Plunge into Darkness, Necrotic Ooze, and Heartless Summoning are the black versions of Retether and Trade Routes here. They’re bulk rares (except for Ooze, which hangs out at around $1), so there’s not much to be lost by picking them out whenever you see them lying around in collections or on sale somewhere. Necrotic Ooze and Skill Borrower probably even go in the same deck eventually—I just think it needs one or two more broken activated abilities to protect itself form Bolt and get there. If there’s ever a combo deck with any of these cards, expect the price to spike hard and fast.

Meanwhile, Necroplasm seems like a perfectly fine place to be with the slow rise of Tiny Leaders. While the foil has crept up ever since the format gained traction, the non-foil has stubbornly remained a bulk rare. The card was only ever printed in the original Ravnica, and is a powerful sweeper of token strategies that just never dies. Is it going to be $10 tomorrow? Probably not, but i’d rather pick them out of bulk and wait instead of getting $.25 a piece for my copies. I don’t think foils are a bad play at $3, either.

Soul Spike already, well, spiked, up to $3 from bulk. However, I missed the opportunity to sell out on all of my copies, because I literally forgot that I owned them. The hype is over for now, and the deck that caused them to spike certainly didn’t stick around very long. At this point, I’m going to wait and see if it pulls an Amulet of Vigor at the next large Modern event; I’ll keep a much closer eye on it this time.

What Has to Go?

Some of these don’t even need explanations—they’re just obvious failed specs that I need to rip out of there and throw into the quarter box. Pain Seer, Baleful Force, and Palace Siege were all duds. Crypt Ghast got hit with a reprint in Commander 2014, stunting its growth and forcing me to settle with letting them ship out of my dollar box every now and then. Sudden Spoiling and Army of the Damned are both extremely powerful cards in Commander, but it looks like the degree to which the Mind Seize deck was overprinted is too much for them to handle, and I need to suck it up and just let them go for $1 each instead of hoping to strike it big.  Lastly, Ob Nixilis is an extremely powerful card, but I don’t think non-foils are the place to be. I’d be happy swapping these out at a 5:1 ratio, and putting the non-foils in my dollar box for casuals to become addicted to, while waiting for the foil to creep back toward the $10 range.

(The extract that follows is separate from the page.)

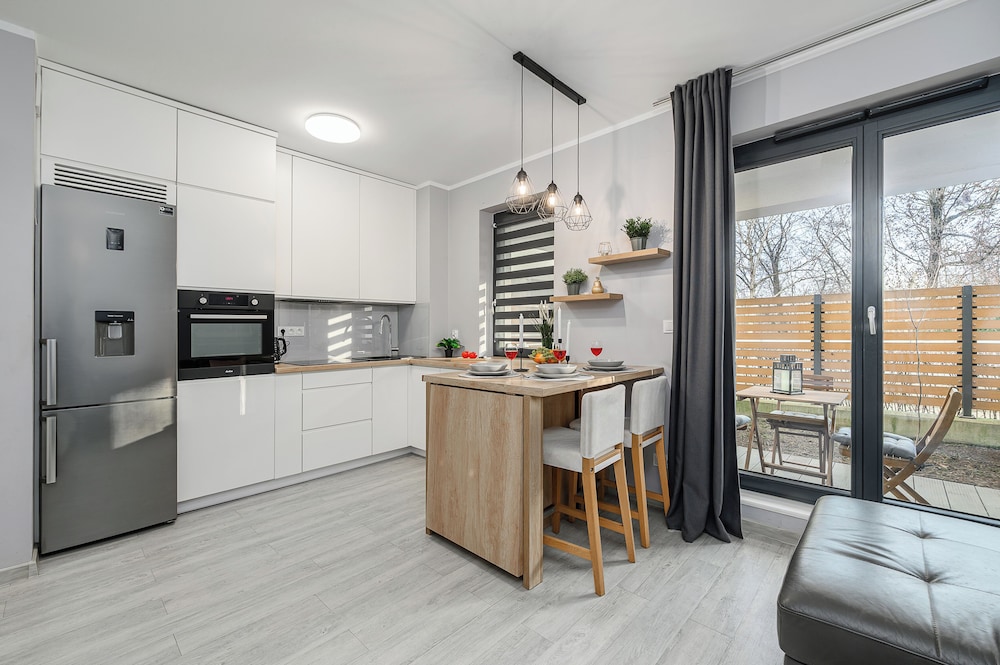 Lumina apartment near the train station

Meanwhile, I did manage to win out on Toshiro through Tiny Leaders. From $.25 to $2, I plan on buylisting my copies to CCG House for $1.50 and calling that a closed case. It probably would have been nicer to be on the foil end of that spectrum, but oh well.

End Step

I might sound crazy for saying this, but I feel like Tamanoa might actually be worth something eventually. It’s an obscure, niche rare from Coldsnap with zero reprints, and foils are only $3. Not being legendary is obviously a pain, but weirder cards have spiked. I’m not buying any and I don’t currently own any copies (as shown by the fact that there are none in the above pictures), but it’s definitely something I would set aside in my spec box if I ever came across them in a collection or bulk lot.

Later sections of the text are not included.